# Roosting bars



## lostsouls70 (Aug 12, 2021)

What is better to use a 2×2, a 2x4 or a closet rod?
Thanks


----------



## ChickenBiscuts (May 28, 2021)

2x4 is ideal. Don't use a closet rod. It's better if they have a flat surface as opposed to a rounded one.

My perch. Excuse the poop.


----------



## robin416 (Sep 8, 2013)

Yep, 2X4s are ideal. If you live in a cold climate they can fully cover their toes to prevent frostbite.

And the flat edge of a 2X4 is better for their feet than 2X2.


----------



## JediPat (Sep 19, 2018)

I had never thought about this before. Make total sense and now I have to go switch out all my 2x2 roosts, lol.


----------



## robin416 (Sep 8, 2013)

Dude, I thought you knew better. 

Stick with us, there are other tricks to be learned.


----------



## imnukensc (Dec 5, 2020)

There's been lots of research and published studies on roosting bars for chickens. I wouldn't be switching out 2x2 roosts if that's what I already had. Chickens are fine with it. I believe probably the very best roost is a good hardwood branch about 3 inches thick. I also don't believe chickens need a 2x4 flat side up so they can "cover their toes." Tell that to this chicken on the steering wheel and compare her toes to the chicken in the foreground.


----------



## Animals45 (May 11, 2021)

I would have to say a 2x4.


----------



## robin416 (Sep 8, 2013)

But Ken, you're set in your ways. 

Good thing for Jedi is that he's moving and is getting to start all over again.


----------



## JediPat (Sep 19, 2018)

My runs and coops are already torn down and ready for a rebuild anyways. Since I am switching to bantams I might still be able to get away with the 2x2 but not gonna hurt to swap them out.


----------



## robin416 (Sep 8, 2013)

You don't even know where you're going to land yet. You need to find that spot so we can see what you choose.


----------



## ChickenMom24 (Feb 14, 2021)

I used 2x4s only because that is what I saw suggested the most! They do have a wooden ladder daytime roost that has round bars. They love that one too.
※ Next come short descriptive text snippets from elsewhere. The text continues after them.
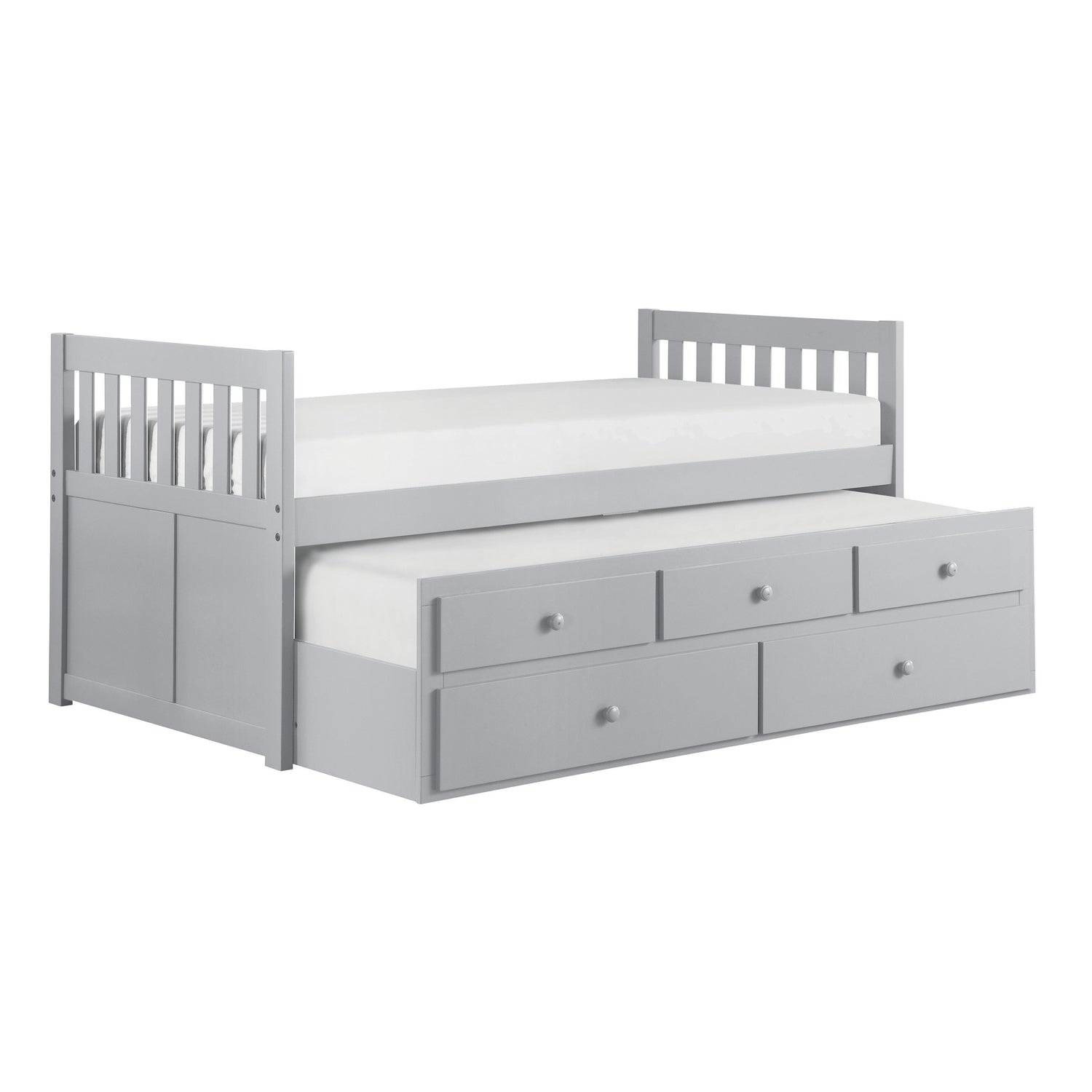Orion Gray Twin Captains Trundle Bed - SET | B2063PR-1 | B2063PR-2 - Bien Home Furniture & Electronics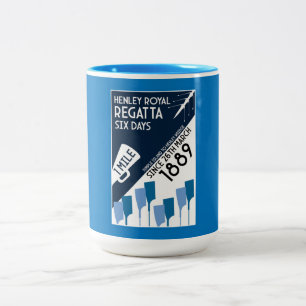 Tasse 2 Couleurs Rivière Thames Regatta - Vintage Retro Style Rowin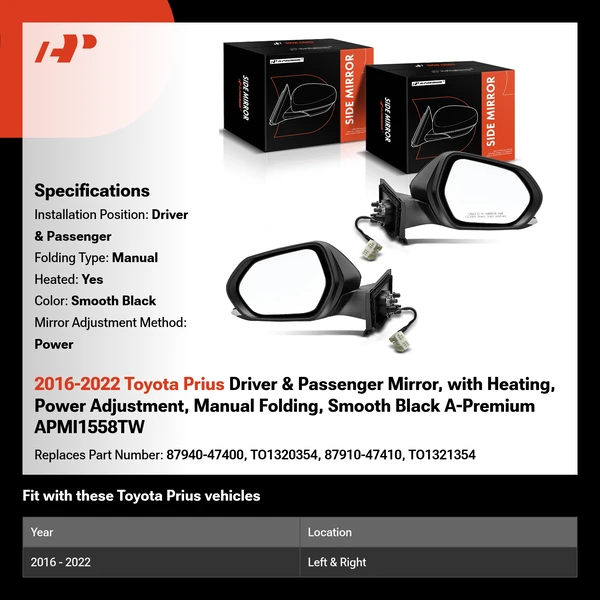 2016-2022 Toyota Prius Driver & Passenger Mirror, with Heating, Power Adjustment, Manual Folding, Smooth Black A-Premium APMI1558TW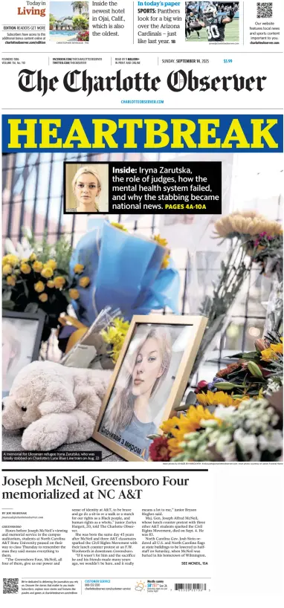 Cover of The Charlotte Observer (Sunday)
It seems like round would be more natural for them as that is what they would have in nature. 🤷‍♀️


----------



## imnukensc (Dec 5, 2020)

robin416 said:


> But Ken, you're set in your ways.
> 
> Good thing for Jedi is that he's moving and is getting to start all over again.


I don't think I'm so set in my ways. I'm willing to make changes and try new things if it makes sense to do so. I did lots of research before I ever built my coop or bought my first chicks. If I hadn't, I'd be cleaning poop boards (I don't have any) and my coop a lot more than I do. My entire run would be covered in hardware cloth. It isn't. In fact, I have no hardware cloth anywhere on my run or coop. Just because "everybody says so" is a starting point and not gospel. The picture I posted of the chicken roosting on the steering wheel is proof that chickens don't need a 2x4 flat side up to roost on to cover their toes. I can reference lots of studies on chicken roosts that are actually done scientifically and are not myths repeated ad nauseum on chicken forums, but I'm not going to. If folks can get here on their phone or computer, they can look them up if they care to. No one has to believe me at all or do what I do, but what I do works for me and my chickens in the environment we're in. If it didn't, I'd make changes.


----------



## robin416 (Sep 8, 2013)

Dude, did I poke the bear? I was ribbing you!


----------



## imnukensc (Dec 5, 2020)

robin416 said:


> Dude, did I poke the bear? I was ribbing you!


Nah, I'm cool.


----------